___ Dataset excerpts

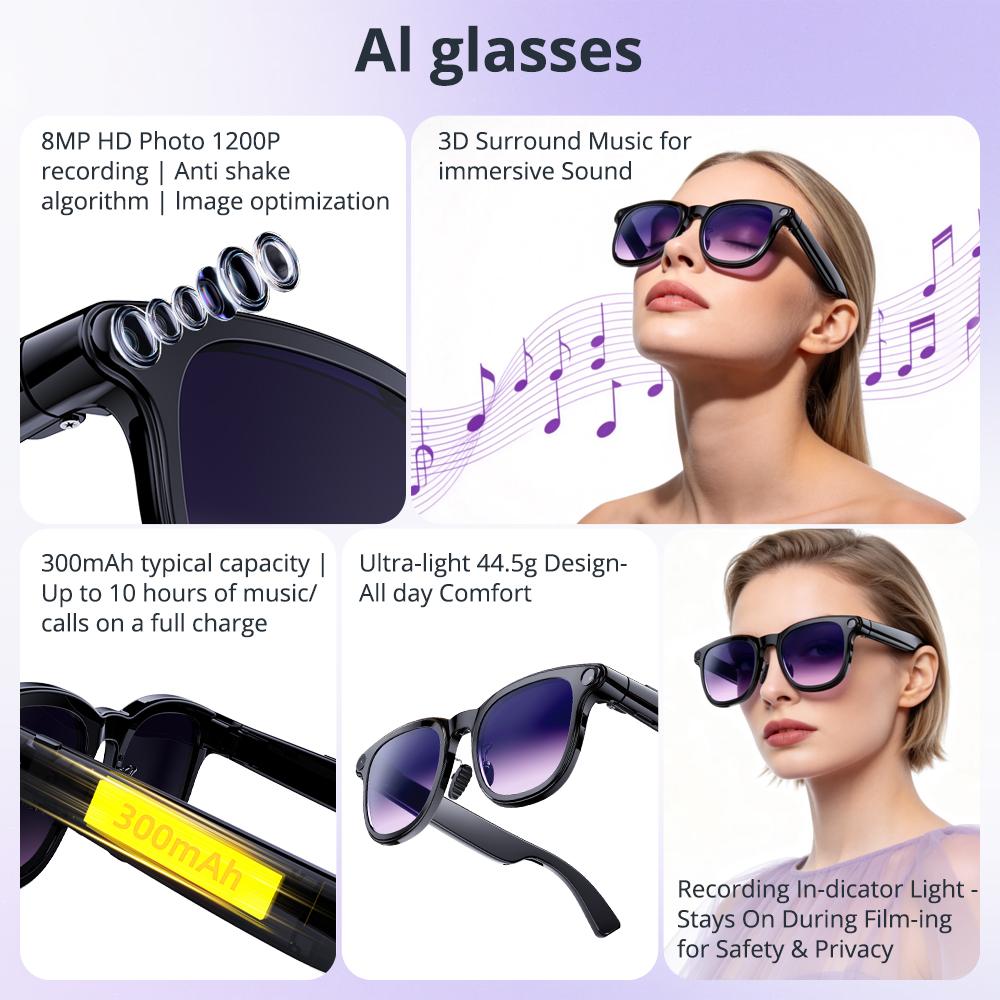Turbosun A2 AI Smart Glasses,2K Video Recording,AI Glasses with Real-Time Translator, Immersive Open-Ear Sound & Hands-Free Photo Capture – Perfect for Adventurers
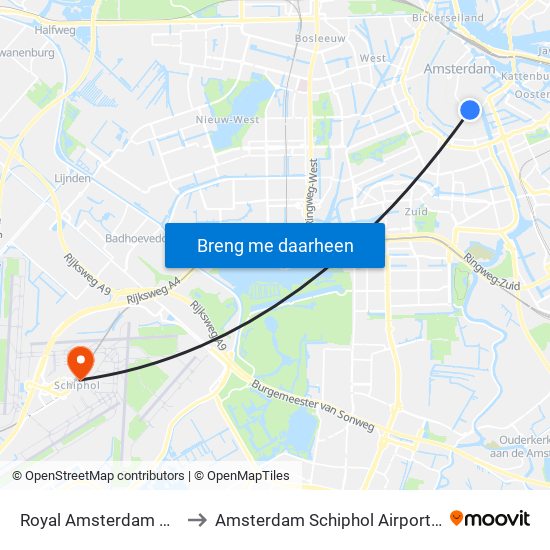 Royal Amsterdam Hotel to Amsterdam Schiphol Airport AMS map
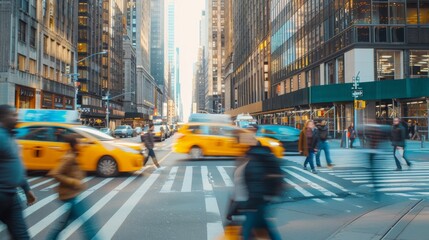 A bustling city street with blurred motion of pedestrians and iconic yellow taxis zipping past,...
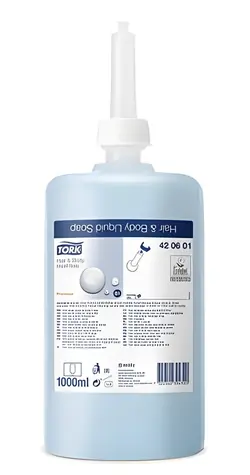 Tork Premium tekuté mýdlo na vlasy a tělo / Tekuté mýdlo / systém S1 / 1000 ml / svěží vůně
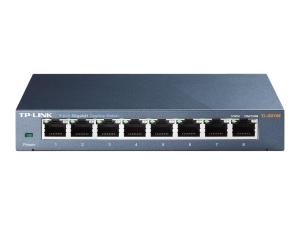 TP-Link Commutateur Gigabit métallique TL-SG108 à 8 ports - Commutateur - non géré - 8 x 10/100/1000 - de bureau - TL-SG108 - Concentrateurs et commutateurs gigabit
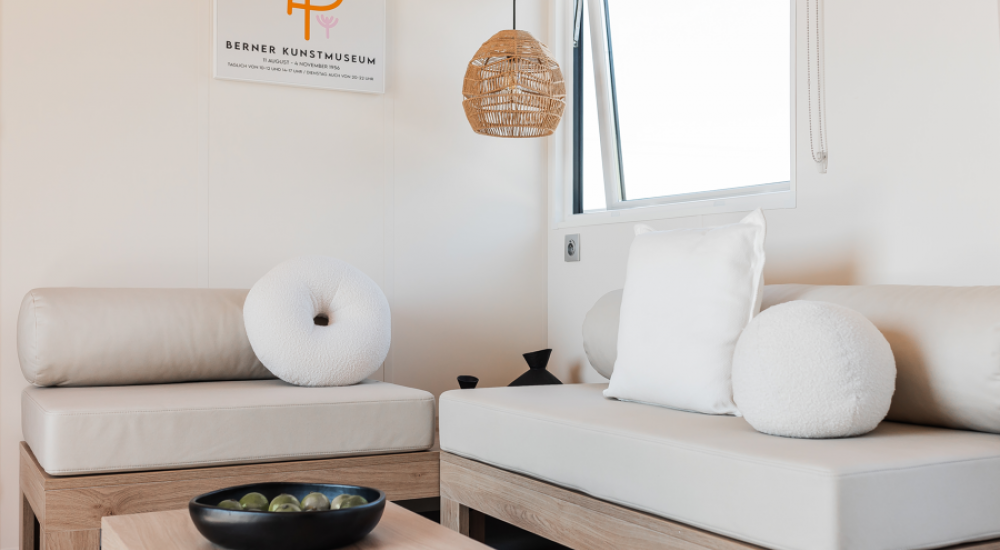 Living room with sofa and dining table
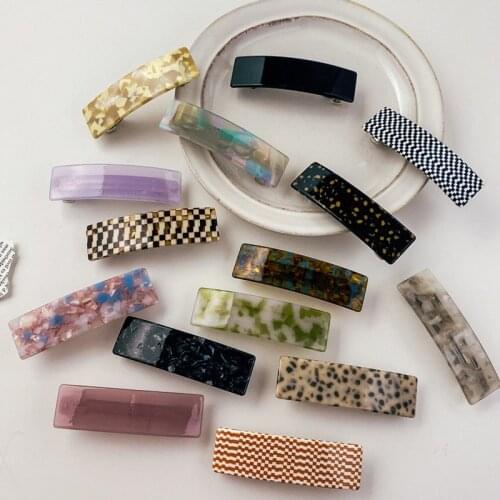 Vintage Acetate Resin Rectangle Hairpins Clips Solid Color Marble Print Side Clips Women Barrettes Hairgrips Hair Accessories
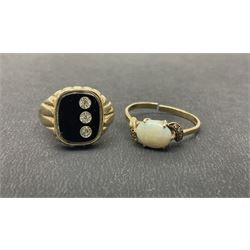 Five gold stone set rings, including Victorian 18ct gold example and four 9ct gold rings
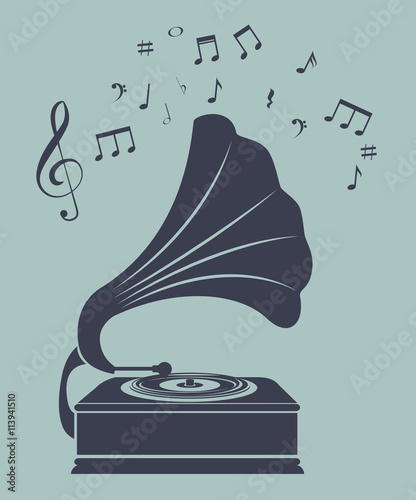 old gramophone  isolated icon design, vector illustration  graphic 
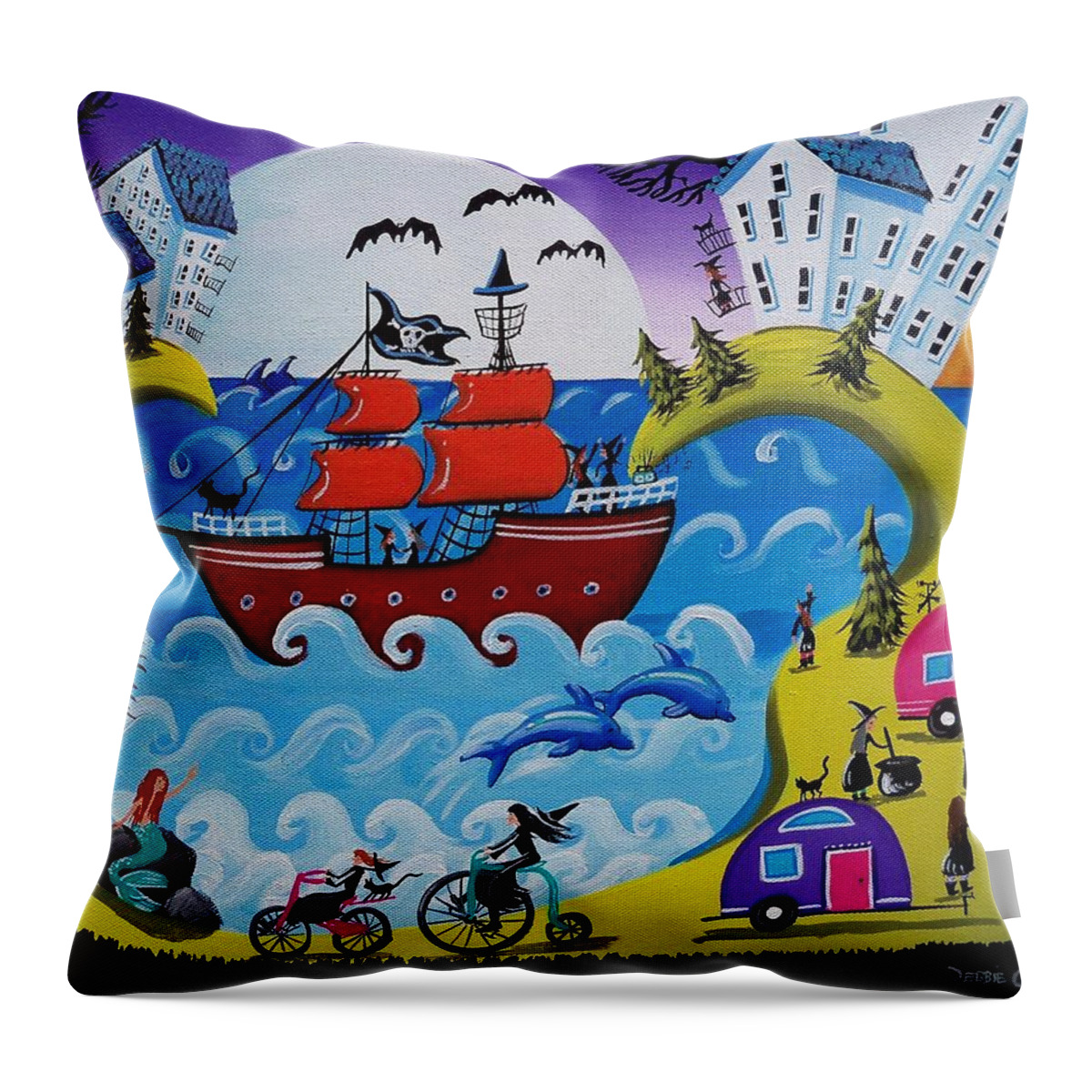 Pirate Throw Pillow featuring the painting Witches By The Sea by Debbie Criswell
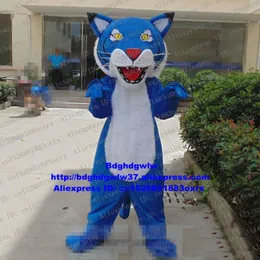 Trajes de mascote azul gato selvagem caracal lince catamount bobcat mascote traje adulto personagem de desenho animado filme tema exposição mundial zx752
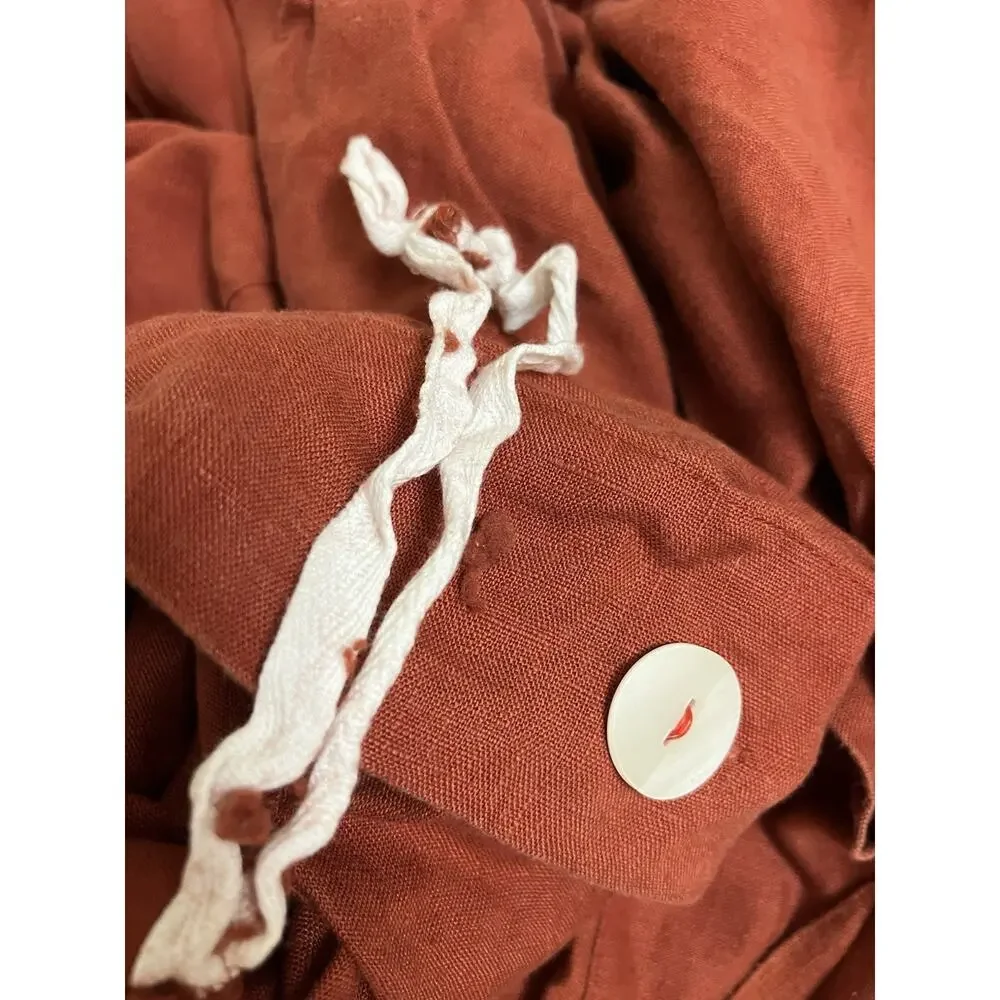 POTTERY BARN 100% FLAX LINEN DUVET COVER Twin Rust RED BERRY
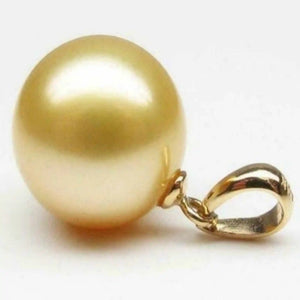 16mm Golden Round Shell Pearl 14k Necklace Choker Gemstone Tibetan Pendant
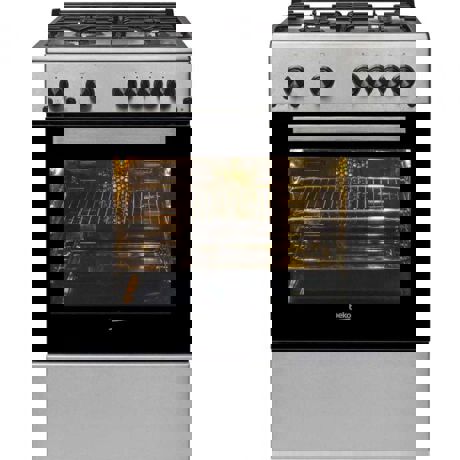 Aragaz Beko FBSHT62111GX, 4 arzatoare cu eficienta ridicata, aprindere electrica plita si cuptor, grill, rotisor, iluminare cuptor, timer mecanic, capac metal, culoare inox+silver
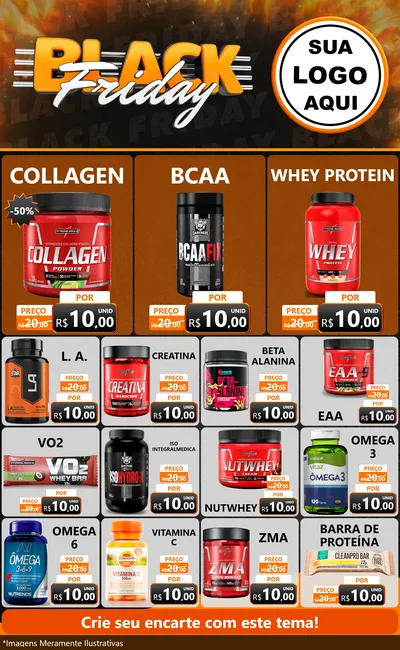 Modelo de Encarte para Encarte Grande com o tema Black Friday para Suplementos alimentares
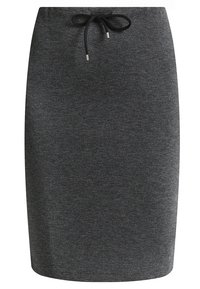 Jupe crayon grise en tissu texturé, avec un cordon de serrage à la taille doté d'embouts en argent. Design droit, longueur genoux.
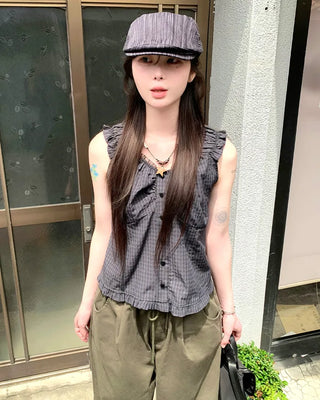 Lace shoulder shirred sleeveless blouse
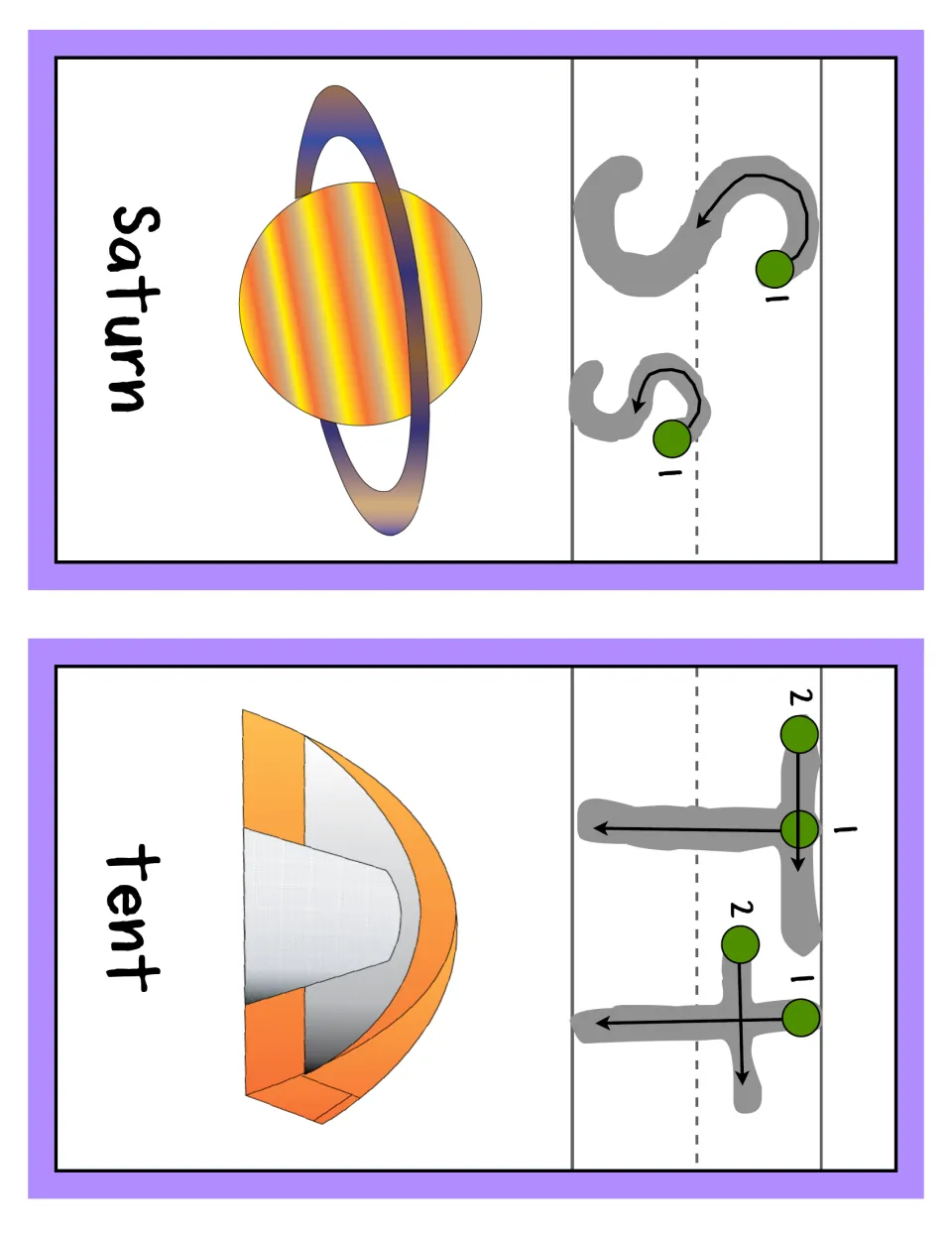 Letters S and T alphabet cards: Ss and Tt with numbered start points and arrows for forming each letter, Saturn and a tent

______

The line containing "Aragaz Beko FBSHT62111GX, 4" and every line after it, up to the last line of the data, should be returned exactly, without the pictures.

 Aragaz Beko FBSHT62111GX, 4 arzatoare cu eficienta ridicata, aprindere electrica plita si cuptor, grill, rotisor, iluminare cuptor, timer mecanic, capac metal, culoare inox+silver
 Modelo de Encarte para Encarte Grande com o tema Black Friday para Suplementos alimentares
 Jupe crayon grise en tissu texturé, avec un cordon de serrage à la taille doté d'embouts en argent. Design droit, longueur genoux.
 Lace shoulder shirred sleeveless blouse
 Letters S and T alphabet cards: Ss and Tt with numbered start points and arrows for forming each letter, Saturn and a tent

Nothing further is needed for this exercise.